Techies often criticize unions as creatures of sloth that hinder corporate growth, encourage low standards and cost their members money in the form of dues, yet fail to adequately represent those members in many cases. I won't get into the overall debate about the value of unions in the technology and communications industry, but it's worth examining the announcements from Verizon (NYSE: VZ) regarding deals reached with the representatives of several striking unions. Are these contracts good deals for everyone involved?
Verizon can't complain about the new deal's impact on growth businesses. The company agreed to give more DSL work to union members, but Verizon has the right to choose which ones go; in essence, the company can pick its best people, which is what really matters to customers. Verizon's much maligned (at least anecdotally) DSL service might even improve. And the new contracts shouldn't hurt Verizon's bottom line.
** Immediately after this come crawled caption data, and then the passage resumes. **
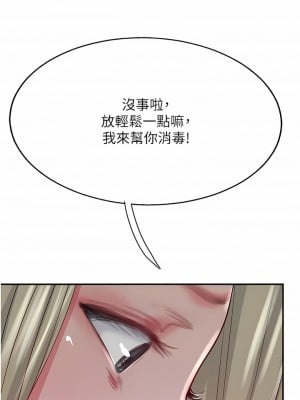 攻頂傳教士 45-48話_45_03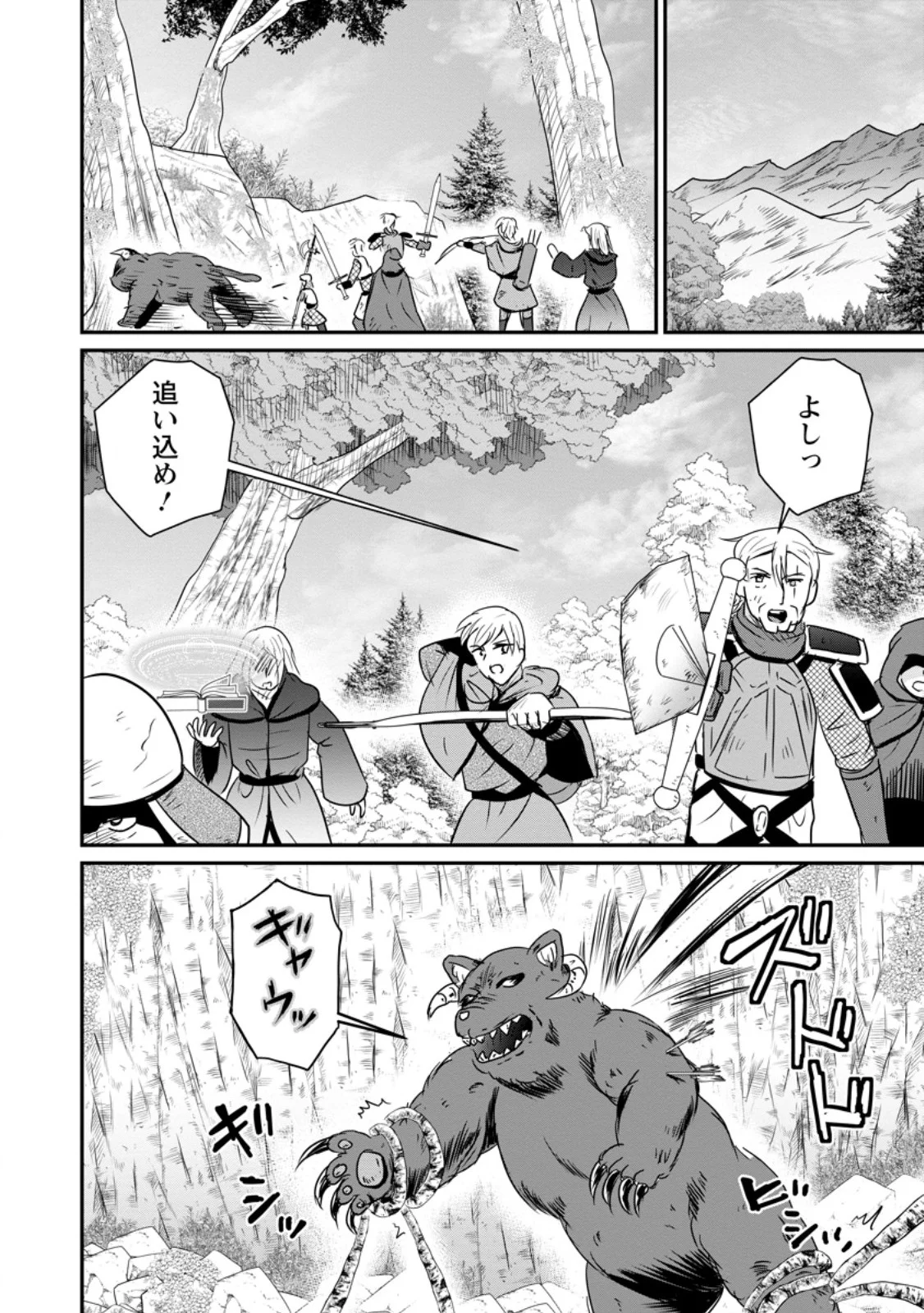 Ossan Teihen Chiyu-shi to Manasume no Henkyou Life Chap 81.1 - Next Chap 82.1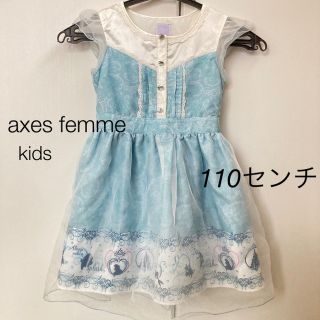 アクシーズファム(axes femme)のアリエルワンピース★１１０(ワンピース)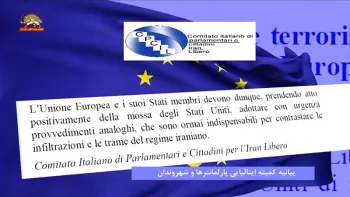 کمیته ایتالیایی پارلمانترها و شهروندان-خواستار نامگذاری تروریستی سپاه پاسداران توسط اتحادیه اروپا شد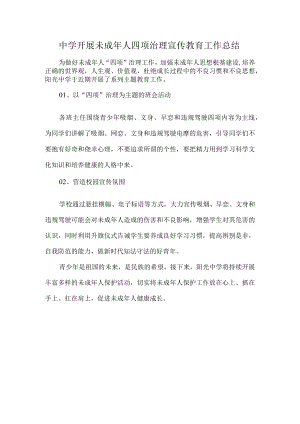 中学开展未成年人四项治理宣传教育工作总结.docx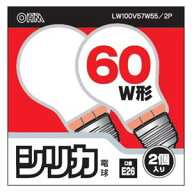 オーム シリカ電球 60W【2個入】 LW100V57W55/2P061762 OHM [LW100V57W552P061762]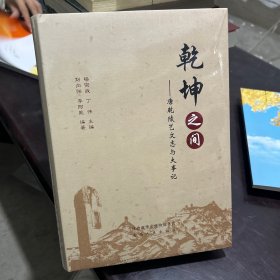 乾坤之间～唐乾陵艺文化志与大事记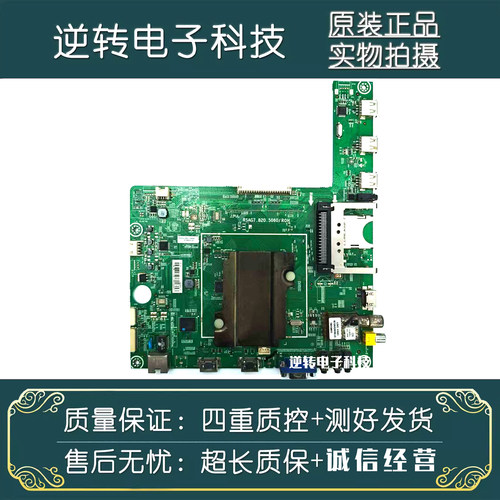 海信LED32K600J32EC630JD主板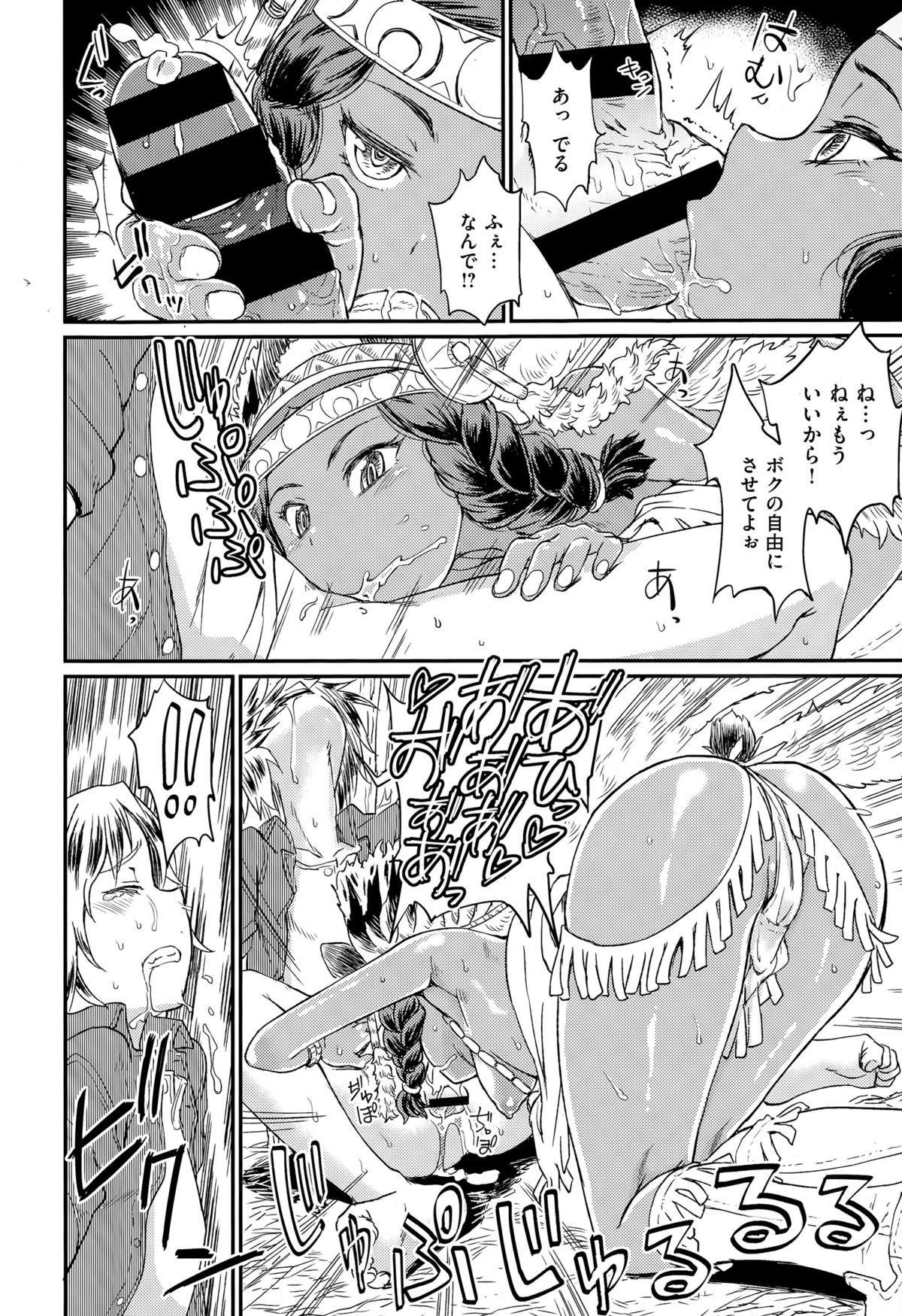 コミックゼロス #32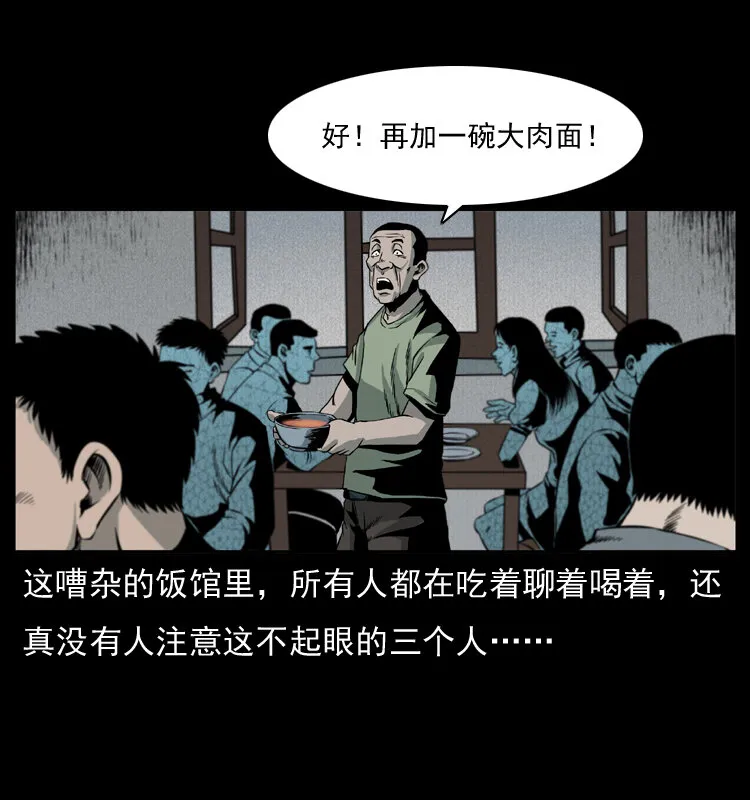009 刘瞎子 第43页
And for workers? Guaranteed wage increases of 4 percent, 3 percent and 5 percent in 2000, 2001 and 2002 are on par with large contracts signed by unions with other communications companies, but the boost isn't that good. After all, Verizon sees revenue growing 8 to 10 percent a year, and earnings per share rising at least 9.5 percent in 2001 and more than 12 percent in 2002. Were I a Verizon employee, I'd be wondering why my pay won't rise as fast as the company's bottom line.
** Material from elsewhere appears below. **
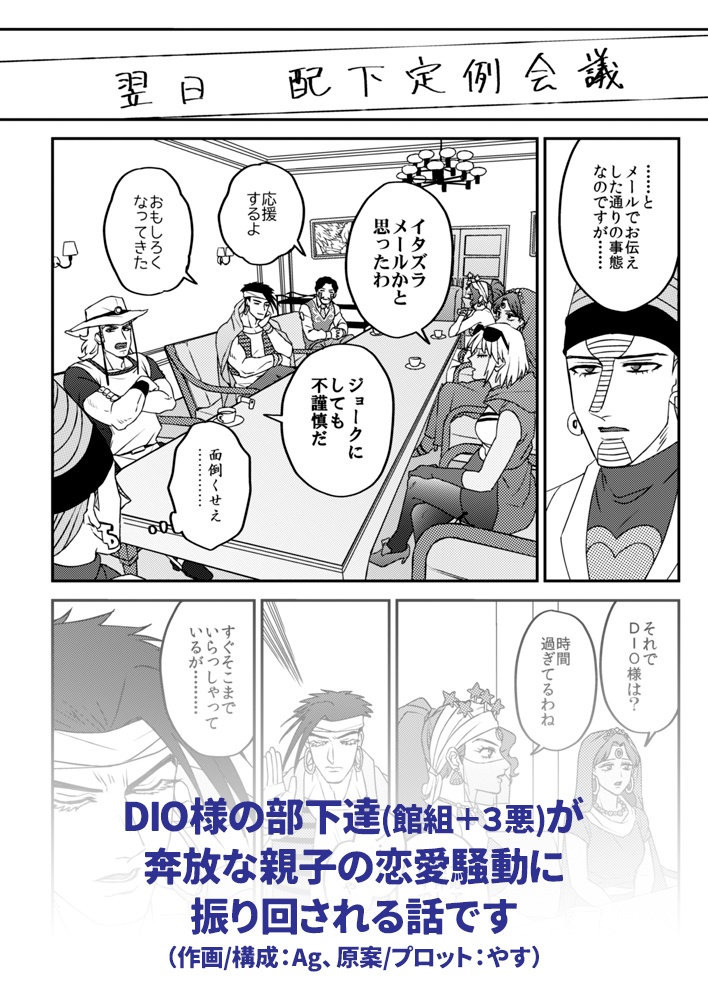 主と子息がめんどくさい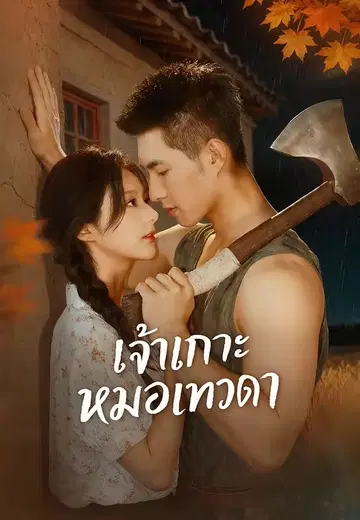 รักหนุ่มข้างบ้าน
Union members do get stock options, but not much -- only 100 options per employee. And it's unlikely that Verizon's stock price will rise on par with, say, a hot optical networking firm.
Job security provisions were maintained, but Verizon got the unions to agree on greater movement of jobs from one region to another. That can't make anyone too happy, but in today's employment world, it was probably an unavoidable concession; companies need a certain amount of flexibility in shifting people around.
More than anything, the new contracts underscore the growing power of companies over unions. Even under the threat of a strike, Verizon got almost everything it wanted in major areas, essentially in return for the promise of no layoffs and industry-standard wages and benefits. Given that Verizon already operated with those situations, they weren't much of a concession.
Some details are still being worked -- overtime is a continuing issue, according to news reports -- but VZ shareholders ought to be pleased with the overall agreement. And in fact, investors seem to be happy -- Verizon's stock price is up more than 1.7 percent in mid-afternoon trading, compared to an increase of 0.25 percent for the S&P 500.
Speaking of labor issues, today's news from Seagate Technology (NYSE: SEG) contains bad news for the workers affected, but good news for able employees. The Wall Street Journal reports that Seagate is cutting jobs -- no surprise, given the continued harsh climate in the hard disk drive industry -- but CFO John Pope noted that the days of moving overseas purely for cheap labor have ended.
"In order to maintain the quality of the product within tight technology constraints, it bodes well for areas which have access to highly skilled employees and processes," Pope told the Journal.
That doesn't necessarily mean the United States, since other regions also have knowledgeable workers. But the fact that one of the leaders in the disk drive industry, a field not known for cutting-edge operations, is updating its manufacturing processes is good news for the entire technology sector.
Morgan Stanley Dean Witter grabbed the biggest slice of Internet mergers from Goldman Sachs (NYSE: GS), according to the latest data from Bloomberg. Goldman tumbled to number eight among investment banks, while Morgan ascended on its work with the acquisition of Network Solutions (Nasdaq: NSOL) by VeriSign (Nasdaq: VRSN), the Terra Networks (Nasdaq: TRRA) merger with Lycos (Nasdaq: LCOS) and the deal between Phone.com (Nasdaq: PHCM) and Software.com (Nasdaq: SWCM).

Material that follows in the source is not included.